Out of the Margins
15 SEPTEMBER 2023 - 06 OCTOBER 202349. Mark Rylance
Antony and Cleopatra
Anthony and Cleopatra
Signed and annotated
Printed script, single sided 29.7cm x 22 cm 1999 (The Globe Production)
Includes also Mark Rylance's 'plat', summarising and specifying the necessary backstage business, and his character profile notes for Cleopatra.
Stored inside a protective oak box (32 x 23.5 cm)
ESTIMATE
£1,000 - 10,000
This auction has now ended
Notes
"A playful explosive row at dinner," reads Mark Rylance's personally annotated working script from 1999: "Rushes skipping onto the stage".

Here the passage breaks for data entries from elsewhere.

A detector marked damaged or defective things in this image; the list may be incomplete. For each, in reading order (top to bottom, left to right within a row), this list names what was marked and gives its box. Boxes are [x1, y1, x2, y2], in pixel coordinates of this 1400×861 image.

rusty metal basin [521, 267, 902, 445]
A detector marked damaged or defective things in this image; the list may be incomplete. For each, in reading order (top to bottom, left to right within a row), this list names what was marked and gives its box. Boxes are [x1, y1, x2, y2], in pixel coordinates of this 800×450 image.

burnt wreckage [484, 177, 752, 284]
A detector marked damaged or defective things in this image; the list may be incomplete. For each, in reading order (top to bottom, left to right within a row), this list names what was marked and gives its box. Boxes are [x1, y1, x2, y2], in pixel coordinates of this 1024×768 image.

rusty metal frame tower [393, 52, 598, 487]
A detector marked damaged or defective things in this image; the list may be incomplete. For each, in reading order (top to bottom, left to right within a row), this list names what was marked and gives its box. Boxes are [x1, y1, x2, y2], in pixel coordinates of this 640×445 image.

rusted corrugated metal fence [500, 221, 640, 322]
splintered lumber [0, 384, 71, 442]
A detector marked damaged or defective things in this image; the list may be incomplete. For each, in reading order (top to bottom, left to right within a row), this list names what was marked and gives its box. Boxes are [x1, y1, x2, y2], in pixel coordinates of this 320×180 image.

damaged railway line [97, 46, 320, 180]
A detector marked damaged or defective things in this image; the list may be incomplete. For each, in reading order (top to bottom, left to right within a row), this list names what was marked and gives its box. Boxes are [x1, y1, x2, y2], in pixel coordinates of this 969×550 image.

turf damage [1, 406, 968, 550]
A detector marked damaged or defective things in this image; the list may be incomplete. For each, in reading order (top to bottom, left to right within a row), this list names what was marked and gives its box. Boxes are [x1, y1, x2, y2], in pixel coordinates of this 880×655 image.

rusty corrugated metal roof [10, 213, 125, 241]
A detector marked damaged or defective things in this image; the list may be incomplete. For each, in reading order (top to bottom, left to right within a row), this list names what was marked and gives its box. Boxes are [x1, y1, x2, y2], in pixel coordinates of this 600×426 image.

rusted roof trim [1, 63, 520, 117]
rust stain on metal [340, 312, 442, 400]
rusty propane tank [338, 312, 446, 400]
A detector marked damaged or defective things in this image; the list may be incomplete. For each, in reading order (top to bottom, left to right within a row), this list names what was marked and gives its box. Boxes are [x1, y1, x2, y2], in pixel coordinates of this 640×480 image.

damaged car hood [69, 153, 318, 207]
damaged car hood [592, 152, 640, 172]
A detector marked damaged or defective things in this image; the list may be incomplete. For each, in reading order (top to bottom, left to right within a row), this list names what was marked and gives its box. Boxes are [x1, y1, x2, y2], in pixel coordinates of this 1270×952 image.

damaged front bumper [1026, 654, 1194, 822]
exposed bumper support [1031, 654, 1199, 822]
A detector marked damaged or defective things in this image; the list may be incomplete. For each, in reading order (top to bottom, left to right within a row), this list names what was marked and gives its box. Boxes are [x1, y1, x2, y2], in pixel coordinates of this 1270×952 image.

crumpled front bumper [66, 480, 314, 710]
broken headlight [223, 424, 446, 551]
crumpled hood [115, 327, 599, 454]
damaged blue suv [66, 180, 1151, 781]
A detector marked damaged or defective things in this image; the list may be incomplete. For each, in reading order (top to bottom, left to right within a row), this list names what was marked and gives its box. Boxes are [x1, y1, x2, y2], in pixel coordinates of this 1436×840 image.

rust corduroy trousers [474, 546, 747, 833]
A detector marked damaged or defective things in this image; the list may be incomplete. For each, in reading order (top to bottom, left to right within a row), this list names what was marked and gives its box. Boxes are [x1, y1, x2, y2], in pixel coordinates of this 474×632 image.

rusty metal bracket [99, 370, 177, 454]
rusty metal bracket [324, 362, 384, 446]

This is one of those rare 'you really can't get this sort of thing anywhere else' lots (it actually applies to all 55 of them in this auction, but this one especially!). A historical, annotated-at-the-time working script of "The Tragedie of Anthonie, and Cleopatra" from 1999, by the Academy-, BAFTA-, Olivier- and Tony-award winning Mark Rylance, when he famously played Cleopatra.
The play Mark Rylance performed in was an Original Practices Production, directed by Giles Block at Shakespeares Globe, running 30 July-26 September 1999. ‘Original Practices’ refers to a unique and radical experiment that was generated at the Globe and used historical performance to transform modern theatre practice. The reconstruction of a Shakespearean amphitheatre was premised on the idea that it would provide the ideal context for testing out what academics knew of early modern playing conditions. This led to an exceptional partnership between research and creative practice during Mark Rylance’s Artistic Directorship (1995-2005) in an attempt to discover and recreate Shakespeare’s company’s working practice. The acting script was the property of Mark Rylance (Cleopatra) who donated the script to a benefit auction for Shakespeare's Globe following his last season (autumn 2005); since then the script has been in the hands of a Private Collection and we are now so very lucky to be able to offer it as part of this auction.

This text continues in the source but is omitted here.